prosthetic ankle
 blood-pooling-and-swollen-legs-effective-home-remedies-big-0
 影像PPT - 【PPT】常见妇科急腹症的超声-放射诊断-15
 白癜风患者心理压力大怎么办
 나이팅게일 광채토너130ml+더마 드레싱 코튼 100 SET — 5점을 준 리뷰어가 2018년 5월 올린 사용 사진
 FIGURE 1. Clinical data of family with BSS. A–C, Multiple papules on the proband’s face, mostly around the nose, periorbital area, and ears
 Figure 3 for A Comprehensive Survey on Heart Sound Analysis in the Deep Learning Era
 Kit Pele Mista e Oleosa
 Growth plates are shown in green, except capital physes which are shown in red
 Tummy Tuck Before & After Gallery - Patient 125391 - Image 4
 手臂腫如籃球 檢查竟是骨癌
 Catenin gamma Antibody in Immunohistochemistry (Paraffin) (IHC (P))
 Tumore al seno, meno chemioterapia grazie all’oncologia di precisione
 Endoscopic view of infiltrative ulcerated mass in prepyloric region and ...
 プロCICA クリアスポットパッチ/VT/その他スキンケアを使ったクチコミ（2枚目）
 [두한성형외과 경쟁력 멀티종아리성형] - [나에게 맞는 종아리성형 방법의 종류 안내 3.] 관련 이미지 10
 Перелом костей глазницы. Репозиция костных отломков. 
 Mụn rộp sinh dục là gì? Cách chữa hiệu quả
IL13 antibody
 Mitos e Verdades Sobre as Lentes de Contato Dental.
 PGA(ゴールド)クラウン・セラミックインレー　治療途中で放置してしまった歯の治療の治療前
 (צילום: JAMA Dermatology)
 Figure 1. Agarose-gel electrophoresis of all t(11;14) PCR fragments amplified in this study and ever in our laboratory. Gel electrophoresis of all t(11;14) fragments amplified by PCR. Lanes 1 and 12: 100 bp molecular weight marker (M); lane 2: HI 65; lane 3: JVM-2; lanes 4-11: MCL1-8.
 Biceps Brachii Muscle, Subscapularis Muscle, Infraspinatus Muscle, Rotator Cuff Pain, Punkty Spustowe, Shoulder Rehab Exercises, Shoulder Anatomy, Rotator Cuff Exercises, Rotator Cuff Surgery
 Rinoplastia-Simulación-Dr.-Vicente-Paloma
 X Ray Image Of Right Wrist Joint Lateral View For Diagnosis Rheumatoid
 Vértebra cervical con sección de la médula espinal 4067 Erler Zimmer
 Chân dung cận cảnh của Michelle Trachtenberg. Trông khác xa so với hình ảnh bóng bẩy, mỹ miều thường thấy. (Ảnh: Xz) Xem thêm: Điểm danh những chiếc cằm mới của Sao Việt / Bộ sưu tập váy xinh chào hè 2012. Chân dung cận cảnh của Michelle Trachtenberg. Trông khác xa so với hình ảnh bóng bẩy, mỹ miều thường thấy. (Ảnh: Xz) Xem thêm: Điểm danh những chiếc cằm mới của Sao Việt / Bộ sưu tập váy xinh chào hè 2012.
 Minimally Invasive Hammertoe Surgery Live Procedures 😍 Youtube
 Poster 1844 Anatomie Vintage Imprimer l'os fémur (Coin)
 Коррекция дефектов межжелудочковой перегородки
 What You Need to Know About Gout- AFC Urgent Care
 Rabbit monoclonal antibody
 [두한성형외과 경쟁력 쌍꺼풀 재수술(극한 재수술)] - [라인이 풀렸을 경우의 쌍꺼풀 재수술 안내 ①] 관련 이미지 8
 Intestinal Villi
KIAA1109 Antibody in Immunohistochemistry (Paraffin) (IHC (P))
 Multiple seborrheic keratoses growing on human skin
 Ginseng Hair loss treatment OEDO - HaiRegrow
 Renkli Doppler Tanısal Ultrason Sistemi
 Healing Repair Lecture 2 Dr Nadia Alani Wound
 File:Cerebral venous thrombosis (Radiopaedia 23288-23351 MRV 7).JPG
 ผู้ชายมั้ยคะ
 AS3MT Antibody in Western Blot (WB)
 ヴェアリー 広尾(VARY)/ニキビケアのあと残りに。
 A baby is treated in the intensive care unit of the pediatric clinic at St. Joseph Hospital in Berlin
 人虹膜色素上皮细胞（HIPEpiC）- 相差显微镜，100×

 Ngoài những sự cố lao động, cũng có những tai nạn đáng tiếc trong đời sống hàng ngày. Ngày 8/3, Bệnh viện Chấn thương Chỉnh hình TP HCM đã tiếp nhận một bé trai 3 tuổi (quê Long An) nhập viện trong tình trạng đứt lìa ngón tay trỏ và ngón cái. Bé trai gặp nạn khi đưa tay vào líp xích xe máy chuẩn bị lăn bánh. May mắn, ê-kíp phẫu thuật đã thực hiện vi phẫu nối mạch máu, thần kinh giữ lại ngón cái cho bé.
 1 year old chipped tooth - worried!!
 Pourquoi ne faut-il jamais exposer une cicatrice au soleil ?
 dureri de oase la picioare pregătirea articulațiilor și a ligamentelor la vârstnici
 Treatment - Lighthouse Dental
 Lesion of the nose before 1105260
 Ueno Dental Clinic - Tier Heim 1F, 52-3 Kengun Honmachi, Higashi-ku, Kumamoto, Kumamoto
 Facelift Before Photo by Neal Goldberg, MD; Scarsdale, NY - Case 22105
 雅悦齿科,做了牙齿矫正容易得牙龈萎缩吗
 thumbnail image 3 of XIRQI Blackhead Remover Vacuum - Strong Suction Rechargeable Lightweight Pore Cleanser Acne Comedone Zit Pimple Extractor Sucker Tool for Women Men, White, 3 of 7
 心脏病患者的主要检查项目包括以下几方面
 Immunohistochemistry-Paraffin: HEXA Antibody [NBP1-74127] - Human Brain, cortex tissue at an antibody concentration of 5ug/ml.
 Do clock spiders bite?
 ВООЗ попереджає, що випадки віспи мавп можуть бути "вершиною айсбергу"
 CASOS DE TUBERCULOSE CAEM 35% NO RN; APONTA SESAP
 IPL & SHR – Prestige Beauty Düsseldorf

====================

Problem to solve: All lines with the string "nose" must be copied from the data.

Response to the exercise:
 FIGURE 1. Clinical data of family with BSS. A–C, Multiple papules on the proband’s face, mostly around the nose, periorbital area, and ears
 Lesion of the nose before 1105260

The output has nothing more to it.